これまで、こうした内部機構を見せるという展示を国内メーカーが行うことは少なかったため、今回、RICOHがB2枚葉インクジェット印刷機であるPro Z75、輪転インクジェット印刷機VC80000の2機種のフロントパネルを開放していたことはとても印象的であった。特に枚葉モデルであるPro Z75は、パネルを全て開けたまま印刷のデモンストレーションまでを行っており、内部を見ようと多くの来場者を集めていた。
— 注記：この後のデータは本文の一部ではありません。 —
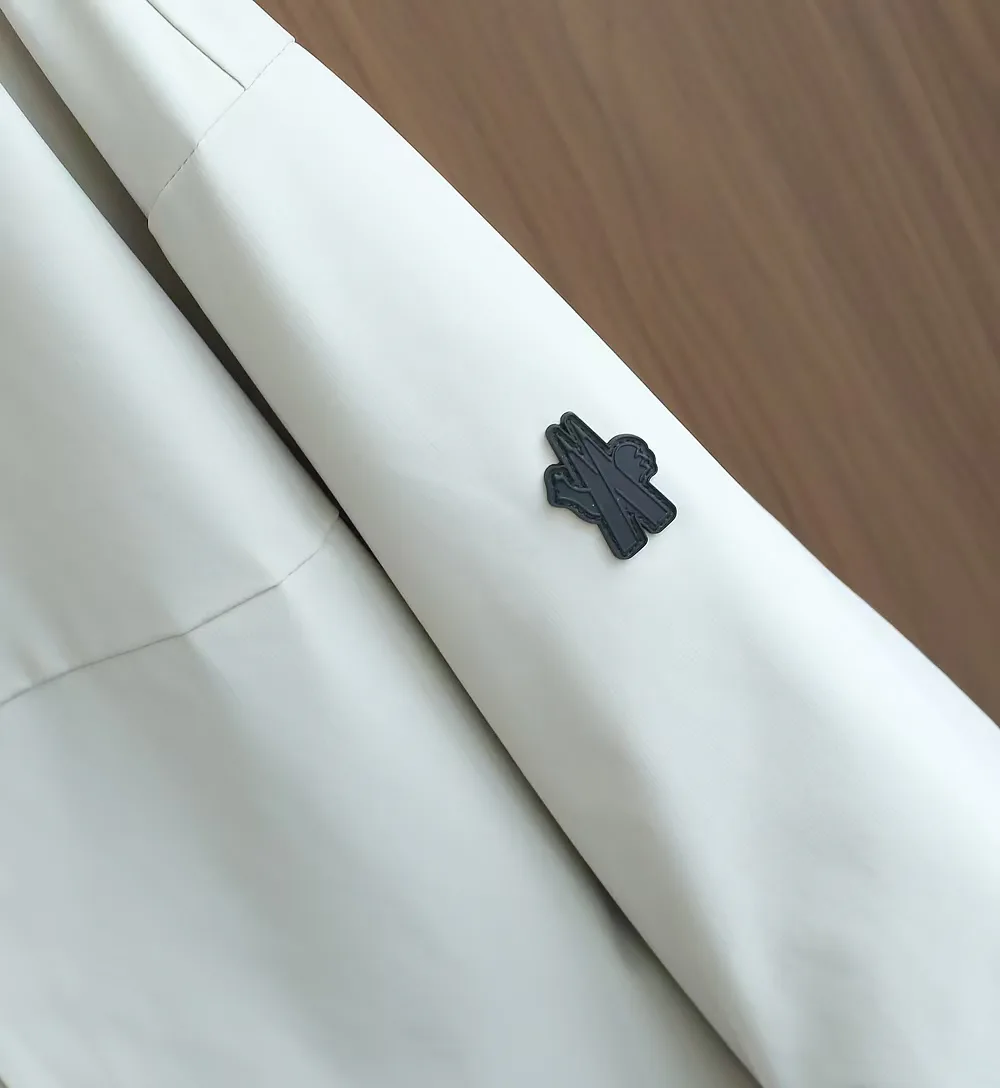 Куртки И Пуховики Мужские Moncler 384008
RICOH Pro Z75はパネルをオープンしたまま実演を行った

   

また、とても興味深いのは、こうした内部機構の公開が、来場者ばかりでなく、競合メーカーに対しても同じように行われていることであろう。
ちょうど私がデジタルラベル印刷機HP Indigo V12を見ているときに、この分野でHPの競合になるであろうメーカーの技術者3名が横にいて、内部の写真や動画を熱心に撮影していたのである。3名ともネームプレートを付けたままで社名を隠すことなどしていないため、HPの説明員も競合メーカーが見ていることに気付いていたはずだが、横で笑顔で質問にも答えていた。もちろん自社の技術に自信を持っている、あるいはキーテクノロジーは特許でおさえていることなのかもしれないが、ここまでオープンに内部を見ることができるというのはdrupaの醍醐味であるといえる。
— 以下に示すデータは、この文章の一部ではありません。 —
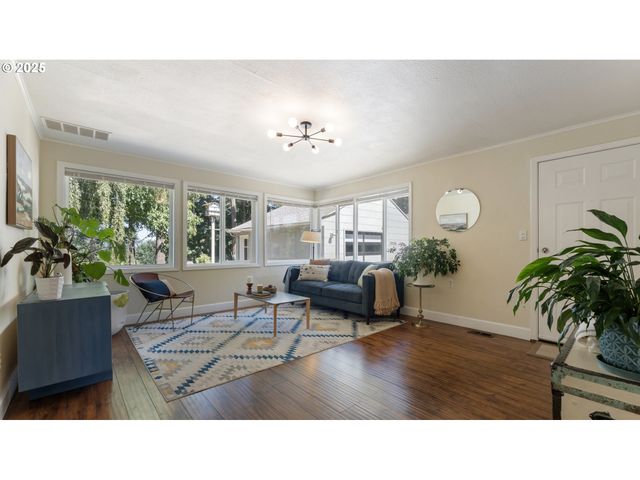 2908 E MCLOUGHLIN Blvd, Vancouver, WA 98661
競合メーカーに対しても内部を公開するHP Indigo V12

   

一方で隠すというのも面白い。
drupaでは数年先を目指した新たな技術やシステムが出展されるため、内部を見せずに、そのコンセプトや考え方が示されることも多い。パッケージ製造システムを出展したBOBSTでは、BOBST Packaging Conceptとして、全体をパネルで囲った印刷システムをメインステージ前に展示したが、隠されると内部を見たくなるものである。スモーク処理された窓から目を凝らして内部を見ると、フレキソ印刷とインクジェットのモジュールが内蔵されたコンビネーションプレスのようであるが、詳細まではわからず期待が膨らんでいくのである。

BOBST Packaging Conceptモデル

   

このように、全部見せるのも隠すのも、そのショー的な要素を含めて、drupaはとても魅力的な場であるといえるのではないだろうか。